# [Directions for this task]
Every record needs to be repeated exactly; its pictures do not.

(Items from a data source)
※ ※ ※

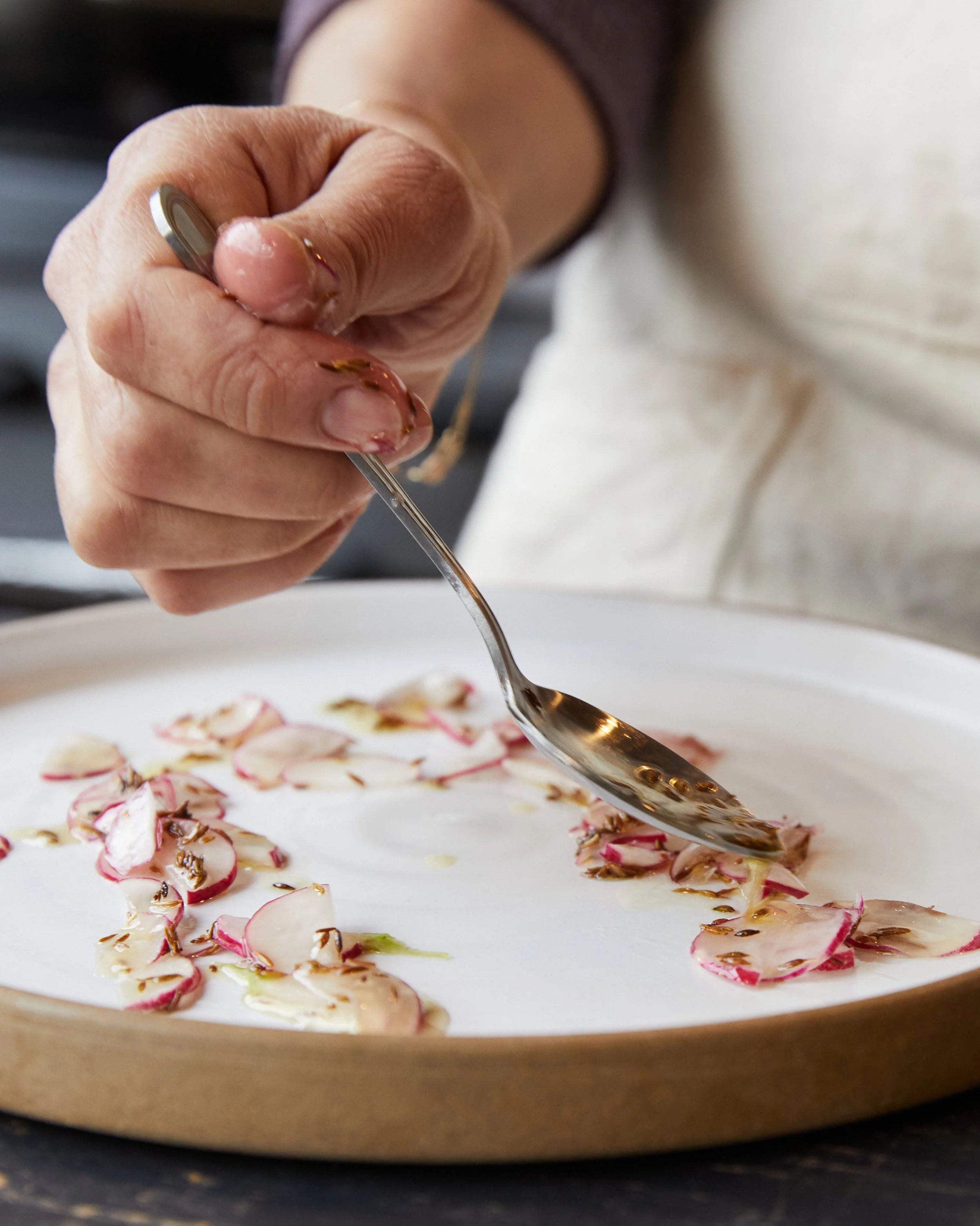 chef plating sliced radishes with cumin oil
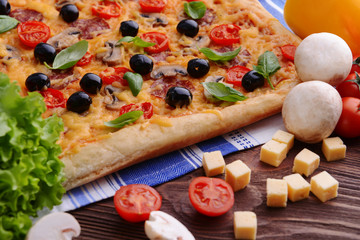 Delicious homemade pizza on table close-up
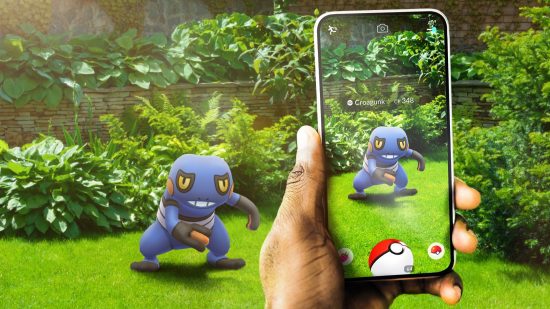 free Pokémon games: a trainer catching a Croagunk on their phone in a garden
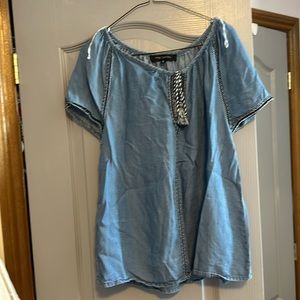 Pink tartan jean tshirt with tassel tie in front.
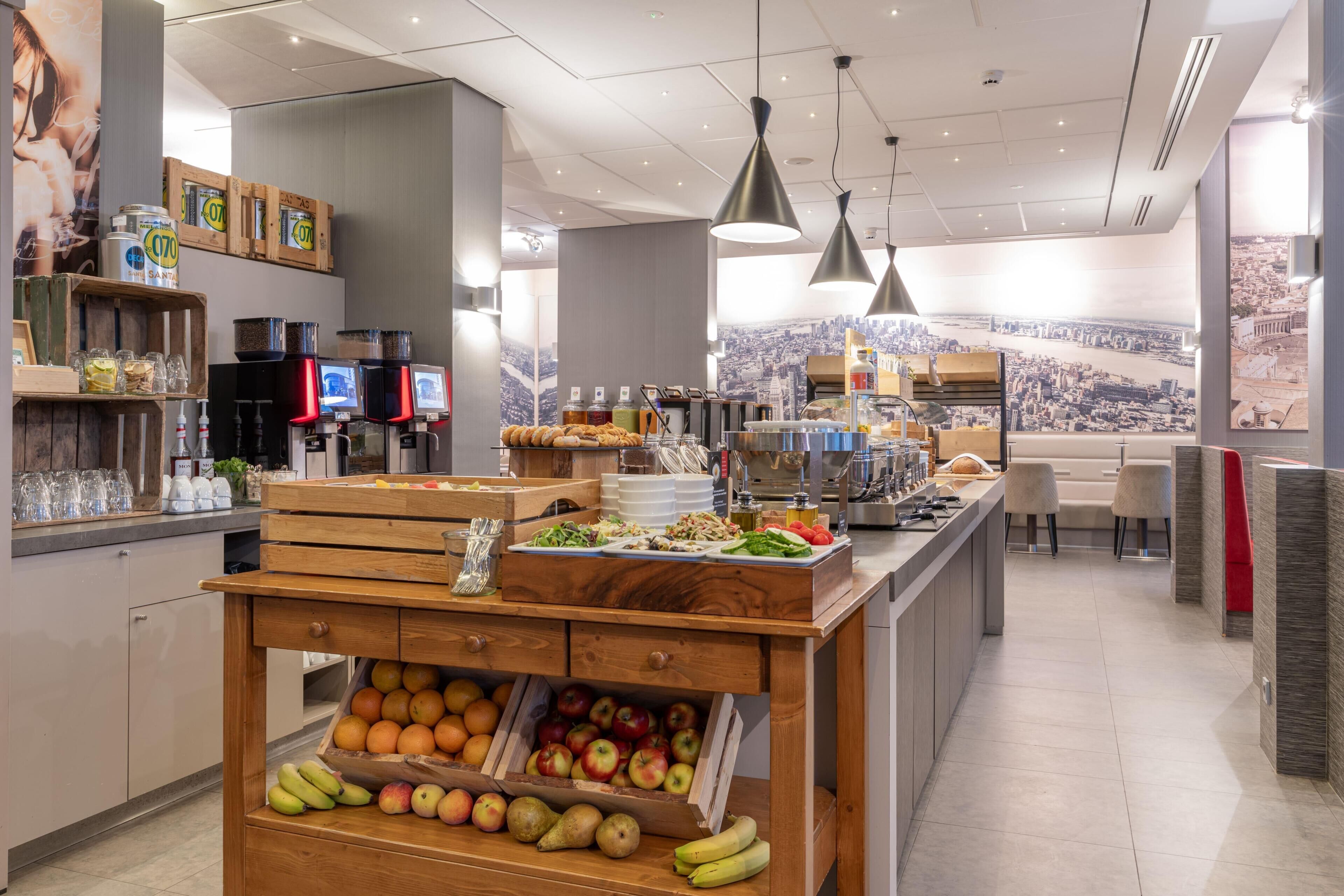 Una cafetería moderna con un mostrador central de madera que exhibe frutas y pasteles, vistas a la ciudad y un diseño limpio y contemporáneo.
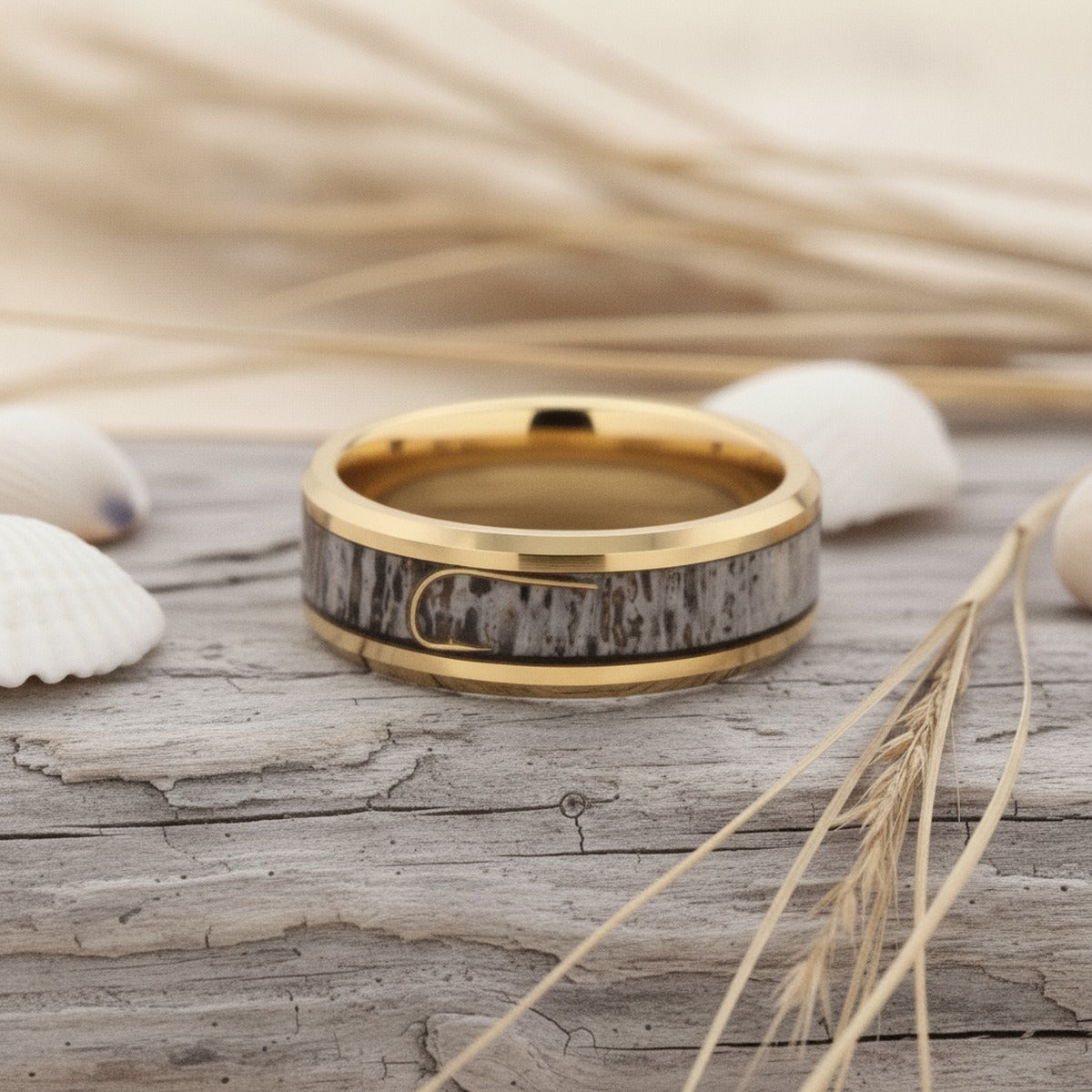 Aydins JAEGER | Gold-Plated Tungsten Wedding Band Deer Antler and Fishhook Inlay 8mm lifestyle scene, driftwood shells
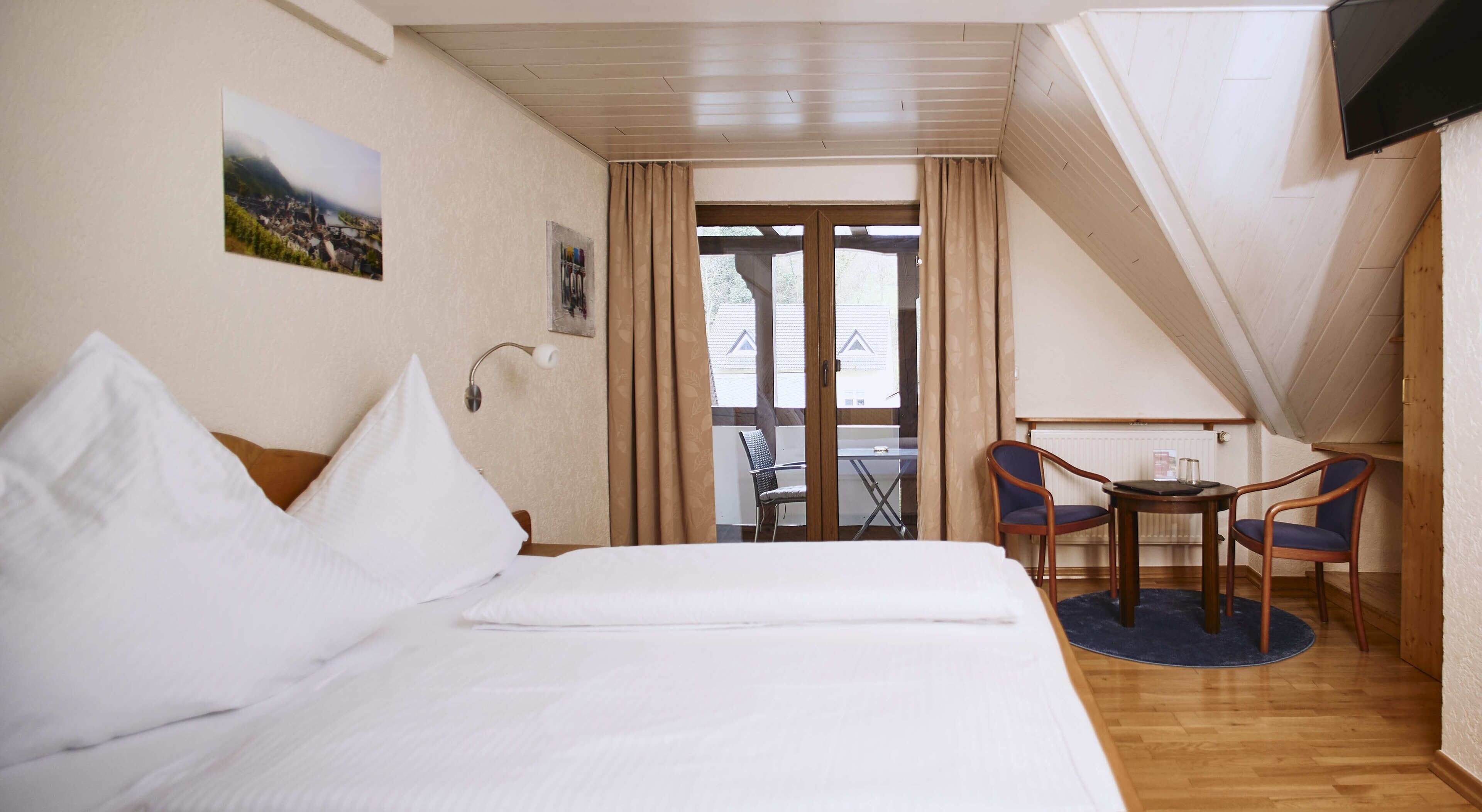A bedroom with a bed, a small table, two chairs, and a TV.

※ ※ ※

# [Answer section]
 chef plating sliced radishes with cumin oil
 Delicious homemade pizza on table close-up
 free Pokémon games: a trainer catching a Croagunk on their phone in a garden
 Pink tartan jean tshirt with tassel tie in front.
 Una cafetería moderna con un mostrador central de madera que exhibe frutas y pasteles, vistas a la ciudad y un diseño limpio y contemporáneo.
 Aydins JAEGER | Gold-Plated Tungsten Wedding Band Deer Antler and Fishhook Inlay 8mm lifestyle scene, driftwood shells
A bedroom with a bed, a small table, two chairs, and a TV.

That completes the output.